Dataset excerpts

□ □ □ □ □

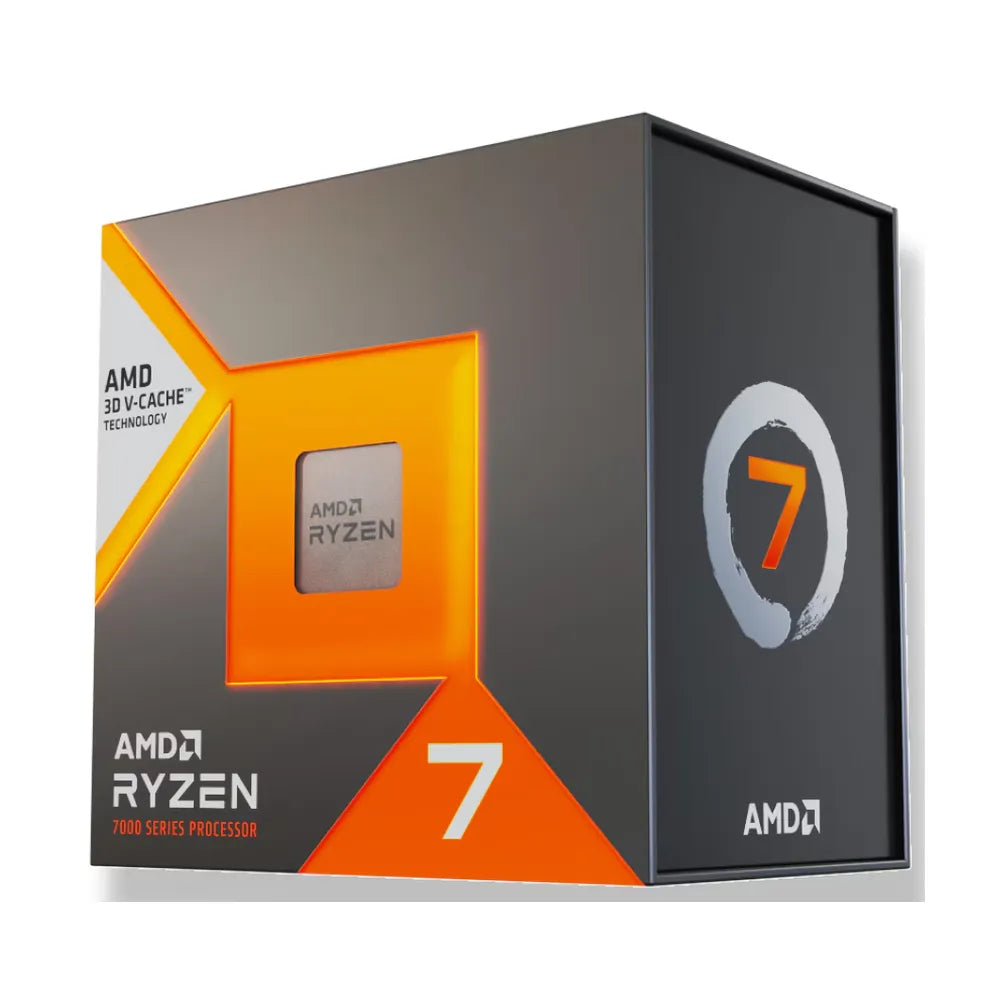 AMD Ryzen 7 7800X3D 4.2GHz AM5 Processor, 8 cores, 16 Threads, 4.2GHz up to 5.0GHz Boost, 104MB Cache, No Fan, Radeon Graphics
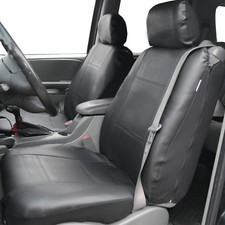 Front Bucket Seat Covers For Built In Seatbelt Auto Car Sedan Suv Solid Black Front Bucket Seat Covers For Built In Seatbelt Auto Car Sedan Suv Solid Black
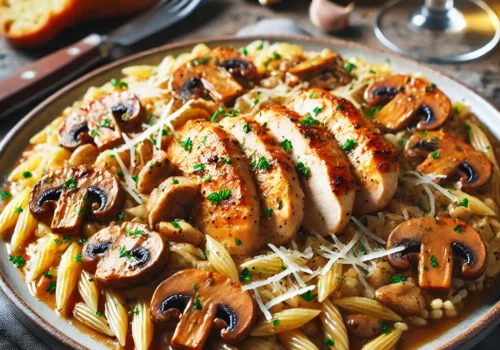 Chicken Marsala Orzo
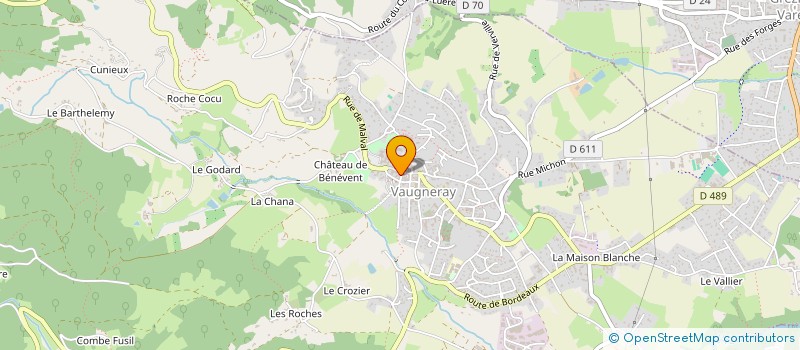 localisation de l'entreprise MADAME COLETTE GAILLARD  VAUGNERAY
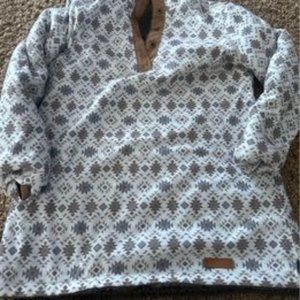 marleylilly reversible fleece sizs medium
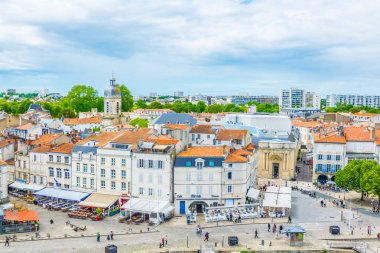 La Rochelle, Fransa, 12 Mayıs 2017: Görünüm, eski liman, La Rochelle, Frangı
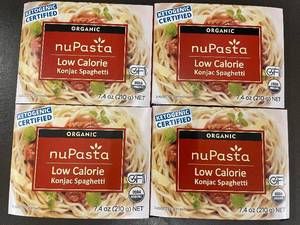 lot 22 image: Set of 4 NuPasta Organic Low Calorie Konjac Spaghetti 7.4 oz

□ □ □ □ □

_TASK ITEM_:
The output should consist of every entry above, printed exactly, with the images removed.

_RESPONSE TO THE EXERCISE_:
 AMD Ryzen 7 7800X3D 4.2GHz AM5 Processor, 8 cores, 16 Threads, 4.2GHz up to 5.0GHz Boost, 104MB Cache, No Fan, Radeon Graphics
 Front Bucket Seat Covers For Built In Seatbelt Auto Car Sedan Suv Solid Black Front Bucket Seat Covers For Built In Seatbelt Auto Car Sedan Suv Solid Black
 Chicken Marsala Orzo
 localisation de l'entreprise MADAME COLETTE GAILLARD  VAUGNERAY
 marleylilly reversible fleece sizs medium
 La Rochelle, Fransa, 12 Mayıs 2017: Görünüm, eski liman, La Rochelle, Frangı
 lot 22 image: Set of 4 NuPasta Organic Low Calorie Konjac Spaghetti 7.4 oz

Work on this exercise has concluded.